By Brittany Tressler
Moody’s Investor Service has affirmed Montgomery County’s Aa1 rating on $384.2 million of long-term general obligation debt and revised the county’s outlook from from stable to negative.
“The negative outlook reflects the county's narrow financial position following several years of operating deficits, including a larger than projected deficit for fiscal 2012, weakened liquidity and, until recently, a pattern of not making its annual required pension contribution,” said a report from the company.According to Moody’s, which offers investors a simple system to deduce creditworthiness of securities, the need to replenish financial reserves also weighed in on the county’s rating.
“Assignment of a negative outlook reflects our view that county management will be challenged, in the near term, to replenish financial reserves in an environment characterized by slow economic and employment growth,” said Moody’s.
Moody’s said the bond rating remained the same due in part to recent measures by management.
“The Aa1 rating also reflects management's efforts over the past year to grow recurring revenues, control costs and improve long-term budgeting procedures,” said Moody’s.

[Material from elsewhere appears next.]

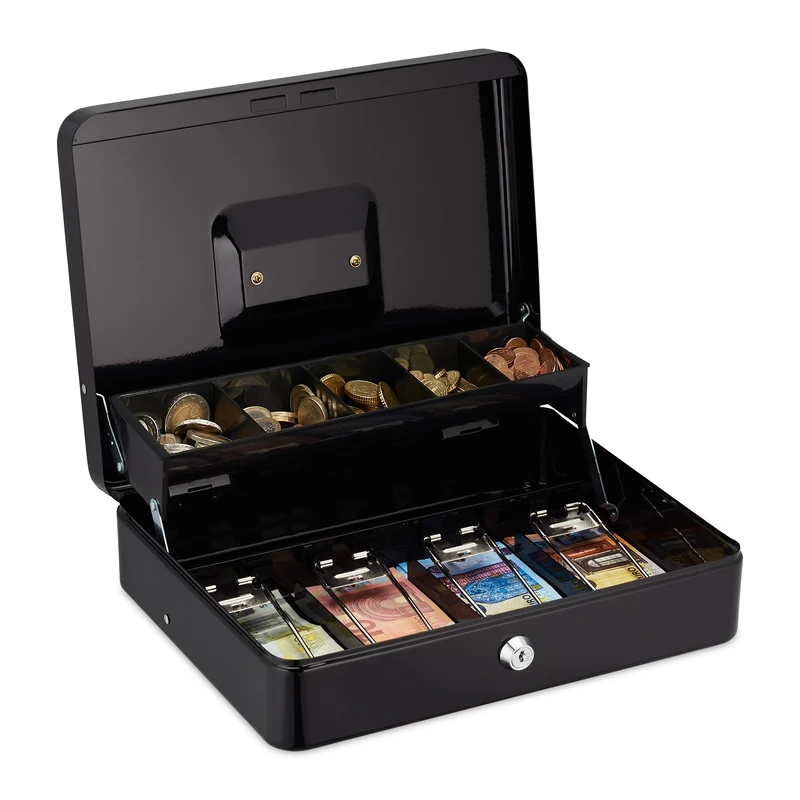 Relaxdays Cash Box Lockable, Coin Insert & 4 Note Compartments, Money Safe, Iron, HxWxD: 8.5 x 30.5 x 24.5 cm, Black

While the outlook rating changed negatively, Montgomery County Chief Financial Officer Uri Monson said the county is “emerging from a deep financial hole,” according to a press release from Montgomery County.
“Moody’s reaffirmed our rating because they know that we are aggressively and systematically addressing the problems we inherited, but they also know that our road has not been an easy one to traverse, and these challenges will not be solved overnight,” Monson said.
In July of 2012, Moody’s revised the county’s rating from Aaa, the highest rating, to Aa1. The rating can affect the county's ability to borrow money.